Predicates

A predicate is a symbol which may reference objects in a sentence. A predicate may depend on zero or more arguments (objects), and may or may not have a sentence definition. Predicates are a convenient tool for formally defining a concept and for hiding complicated sentences under a label.

A sentence definition is a sentence used to define a predicate. If a predicate depends on n arguments, the sentence definition has n unbound variables. A predicate applied to n objects is a sentence logically equivalent to substituting in order those n objects for the unbound variables in the sentence definition.

A predicate identifier must begin with either a letter or an underscore, and may subsequently contain letters, digits, and underscores.

Predicates are quantified only by axiom schema and proof schema.

Creation

Bound predicates are created in the scope of a proof schema. Bound predicates have no sentence definition.

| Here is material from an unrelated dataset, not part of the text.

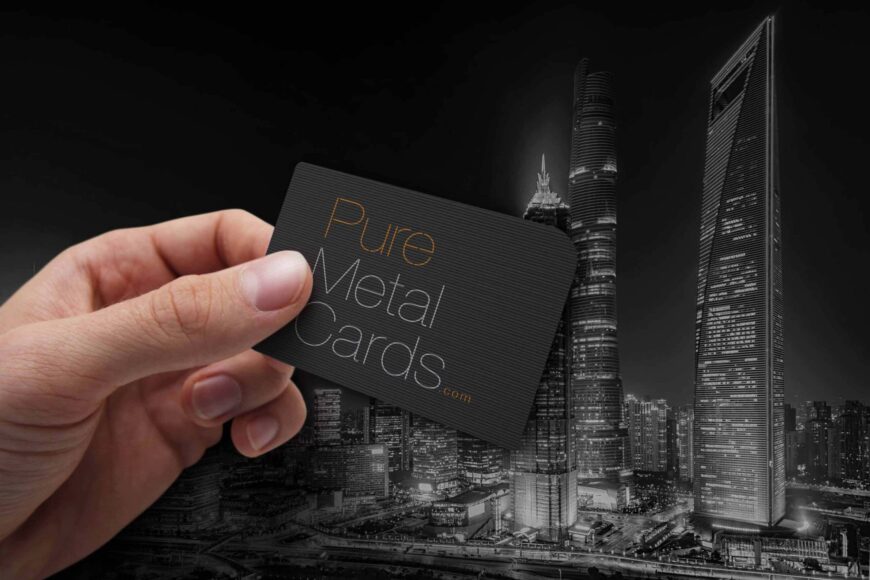 Hand holding a black Pure Metal Cards business card. Ultimate networking tool.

Predicates can also be created in any scope using the define command.

Examples

Suppose in is a relation representing set membership and subset is a predicate defined by the following sentence:

\[\forall X \forall Y (\text{subset}(X, Y) \leftrightarrow \forall Z (Z \in X \rightarrow Z \in Y)))\]

In CORE’s syntax, this sentence would be written as:

*X*Y(subset(X, Y) <-> *Z(Z in X -> Z in Y))

Then the sentence

*X(subset(X, X))

would mean:

*X*Z(Z in X -> Z in X)